Indeed, it was only seven months ago that Zalatoris was still a relatively anonymous KFT player, hopscotching his way across the country, from Utah to San Antonio to Boise. Now, Zalatoris is the 28th ranked player in the world. Since his big week at Winged Foot, he has made 15 PGA Tour starts. Over that stretch, Zalatoris has missed just one cut and finished in the top-10 five times. His rise has been so precipitous that Zalatoris still leads the Korn Ferry’s 2020-21 points standings.
Whispers that the hometown hero might make a cameo as a spectator at the Veritex Bank Championship generated some buzz on the practice green Wednesday.
“Really?” said one player. “I haven’t heard that. It would be cool.”
The last time Zalatoris — known to his pals as “Stick” or “Willy Z” or Adam Sandler’s new Twitter buddy — played a KFT event was in September, at the Evans Scholars Invitational, in Glenview, Ill. (He tied for second.)
“It’s a blast anytime a friend is doing something like Will is,” said Riley, who himself has been on an excellent run, winning two KFT titles in the elongated 2020-21 season, or one more than Zalatoris. “I’m definitely ready to move up, but we are pulling for each other.”
Riley said he and Zalatoris exchanged texts both Saturday and Sunday nights of the Masters, with Riley delivering a combination of encouragement and lighthearted needling.

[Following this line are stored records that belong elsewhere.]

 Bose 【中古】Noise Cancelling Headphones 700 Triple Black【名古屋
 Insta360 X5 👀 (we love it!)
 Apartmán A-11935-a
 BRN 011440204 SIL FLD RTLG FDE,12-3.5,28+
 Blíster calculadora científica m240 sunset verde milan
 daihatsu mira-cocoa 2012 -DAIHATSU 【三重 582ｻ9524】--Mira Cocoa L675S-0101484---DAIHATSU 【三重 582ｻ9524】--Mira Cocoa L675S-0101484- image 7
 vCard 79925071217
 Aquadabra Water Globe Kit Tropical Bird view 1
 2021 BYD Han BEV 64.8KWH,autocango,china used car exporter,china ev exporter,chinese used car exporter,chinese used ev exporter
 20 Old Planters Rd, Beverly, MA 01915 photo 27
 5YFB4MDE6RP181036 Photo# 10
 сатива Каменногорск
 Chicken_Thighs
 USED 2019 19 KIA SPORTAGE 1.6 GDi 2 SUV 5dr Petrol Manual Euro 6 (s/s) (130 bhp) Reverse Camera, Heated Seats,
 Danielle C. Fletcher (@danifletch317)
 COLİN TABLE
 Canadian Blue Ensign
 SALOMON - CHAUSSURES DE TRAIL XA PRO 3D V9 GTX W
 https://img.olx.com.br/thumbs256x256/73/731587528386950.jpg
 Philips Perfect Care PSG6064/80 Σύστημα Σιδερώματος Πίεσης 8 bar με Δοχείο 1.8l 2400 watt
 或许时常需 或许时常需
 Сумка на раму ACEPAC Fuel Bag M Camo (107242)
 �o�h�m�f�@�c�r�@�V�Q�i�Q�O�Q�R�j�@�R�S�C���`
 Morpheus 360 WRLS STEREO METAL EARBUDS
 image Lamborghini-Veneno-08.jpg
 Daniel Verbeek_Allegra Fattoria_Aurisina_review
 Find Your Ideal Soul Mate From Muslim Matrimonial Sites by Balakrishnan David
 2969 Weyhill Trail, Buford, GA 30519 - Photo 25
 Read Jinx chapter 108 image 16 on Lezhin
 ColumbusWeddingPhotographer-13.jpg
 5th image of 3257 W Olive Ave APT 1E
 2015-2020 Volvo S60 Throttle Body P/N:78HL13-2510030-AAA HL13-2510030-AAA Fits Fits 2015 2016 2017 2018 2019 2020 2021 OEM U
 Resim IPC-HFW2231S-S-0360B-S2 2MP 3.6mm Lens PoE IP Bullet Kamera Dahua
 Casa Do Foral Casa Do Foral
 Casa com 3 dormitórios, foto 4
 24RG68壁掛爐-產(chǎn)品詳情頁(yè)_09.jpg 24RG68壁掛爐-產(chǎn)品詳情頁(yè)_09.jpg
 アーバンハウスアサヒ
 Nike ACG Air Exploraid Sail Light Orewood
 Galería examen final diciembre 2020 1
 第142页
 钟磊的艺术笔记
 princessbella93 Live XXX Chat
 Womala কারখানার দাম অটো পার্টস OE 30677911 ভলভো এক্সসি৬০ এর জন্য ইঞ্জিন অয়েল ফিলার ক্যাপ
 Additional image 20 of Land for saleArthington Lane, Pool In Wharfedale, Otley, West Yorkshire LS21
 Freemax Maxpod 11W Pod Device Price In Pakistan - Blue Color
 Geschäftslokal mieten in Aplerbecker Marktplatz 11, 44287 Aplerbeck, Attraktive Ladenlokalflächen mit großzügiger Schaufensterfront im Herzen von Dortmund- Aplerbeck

“We probably give each other too much crap, but the way he handles adversity is very impressive, how cool he is in tough situations. I would like some of that,” Riley said.
Riley’s competitiveness with his old roomie doesn’t end on the golf course.
“We’ve had several Xbox controllers thrown across the room,” he said.
Austin Smotherman, another Dallas-based KFT pro, first met Zalatoris during their college days. Smotherman, who attended Southern Methodist, recalls playing Zalatoris’ Wake Forest team in a match-play event at Pinehurst. Later, the two grew closer playing friendly(ish) games at Dallas’ Bent Tree Country Club. “I do remember some pushups for the loser,” Smotherman said with a smile.
Zalatoris’ newfound fame has not escaped Smotherman. “Since the Masters,” Smotherman said, “I’ve had a couple of people come up to me from behind because we have the same hair style in the back and we’re the same build. I’m happy to sign his name on an autograph. I don’t think mine would be worth much these days.”
Smotherman, whose frame is similar to that of the 6-foot-2 inch, 28-inch waisted Zalatoris, said he is mystified by how much speed Zalatoris generates with his driver. “Every drive is like 315 yards curling toward the fairway,” he said. “I think, What am I doing wrong?”
Among Zalatoris’ other admirers: former Dallas Cowboys quarterback Tony Romo, who is playing on a sponsor’s exemption at the Veritex event this week. Romo knows Zalatoris’ game better than most, as the two are regular playing partners on the unofficial Dallas-area money-match circuit.
“I love him like a little brother,” Romo said Wednesday. “He’s helped my own game a lot.”
Romo added that when he and Zalatoris first started playing together, it didn’t take long for Romo to appreciate his young friend’s natural talent.
“It’s like watching somebody throw a football for the first time,” Romo said. “You think, OK, he’s got this. That’s the way it is with Will.”